Manuscripts should be no longer than 8,000 words of paginated, double-spaced 12 point text with 1 inch margins, including notes and references, using the LAP Style Guidelines available at www.latinamericanperspectives.com under the “Submit” tab where the review process is also described. Manuscripts should be consistent with the LAP Mission Statement available on the web site under the “About” tab.

Manuscripts may be submitted in English, Spanish, or Portuguese. If you do not write in English with near native fluency, please submit in your first language. LAP will translate manuscripts accepted in languages other than English.

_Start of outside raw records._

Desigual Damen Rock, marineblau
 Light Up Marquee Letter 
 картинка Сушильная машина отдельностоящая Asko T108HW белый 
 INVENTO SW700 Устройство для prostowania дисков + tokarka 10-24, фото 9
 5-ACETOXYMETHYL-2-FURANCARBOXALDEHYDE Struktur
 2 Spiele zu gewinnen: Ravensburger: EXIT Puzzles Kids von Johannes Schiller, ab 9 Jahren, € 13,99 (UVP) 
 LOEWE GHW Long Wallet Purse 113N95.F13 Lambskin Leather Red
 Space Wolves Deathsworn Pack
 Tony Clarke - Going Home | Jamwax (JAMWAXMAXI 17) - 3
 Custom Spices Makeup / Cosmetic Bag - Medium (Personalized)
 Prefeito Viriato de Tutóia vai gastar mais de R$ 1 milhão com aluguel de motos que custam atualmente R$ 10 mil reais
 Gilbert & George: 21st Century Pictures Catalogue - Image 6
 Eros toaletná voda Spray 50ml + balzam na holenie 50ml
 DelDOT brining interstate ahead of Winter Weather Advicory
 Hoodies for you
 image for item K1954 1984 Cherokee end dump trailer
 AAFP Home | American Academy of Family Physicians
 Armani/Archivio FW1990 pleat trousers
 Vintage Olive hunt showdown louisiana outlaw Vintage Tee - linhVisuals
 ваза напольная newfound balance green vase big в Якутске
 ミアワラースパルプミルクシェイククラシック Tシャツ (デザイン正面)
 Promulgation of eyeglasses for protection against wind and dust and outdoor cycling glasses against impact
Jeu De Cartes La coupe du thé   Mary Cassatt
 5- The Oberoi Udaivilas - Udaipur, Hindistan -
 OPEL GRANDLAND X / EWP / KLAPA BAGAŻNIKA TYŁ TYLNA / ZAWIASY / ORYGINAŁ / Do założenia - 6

If you are not submitting in English, please indicate if you will have difficulty reading reviews and/or correspondence from the LAP office in English.

Please feel free to contact the issue editor with questions pertaining to the issue but all manuscripts should be submitted directly to the LAP office, not to the issue editor. A manuscript is not considered submitted until it has been received by the LAP office. You should receive acknowledgment of receipt of your manuscript within a few days. If you do not receive an acknowledgment from LAP after one week, please send a follow-up inquiry to be sure your submission arrived.

E-mail Submissions: send to lap@ucr.edu

Subject Line: Author name – Manuscript for Ecology and Gender issue

Please attach your manuscript as a Word Document (doc or docx)

Include: Abstract (100 words), 5 Keywords, and a separate cover page with short author affiliations (less than 130 words) and complete contact information (e-mail, postal address, telephone).

Postal correspondence may be sent to: Managing Editor, Latin American Perspectives¸ P.O. Box 5703, Riverside, California 92517-5703.

For an article with more than one author, provide contact information for all authors but designate one person as the Corresponding Author who will receive correspondence from the LAP office. If any contact information changes while your manuscript is under consideration, please send the updated information to LAP promptly.

Submission of a manuscript implies commitment to publish in the journal. Authors should not submit a manuscript that has been previously published in English in identical or substantially similar form nor should they simultaneously submit it or a substantially similar manuscript to another journal in English. LAP will consider manuscripts that have been published in another language, usually with updating. Prior publication should be noted, along with the publication information.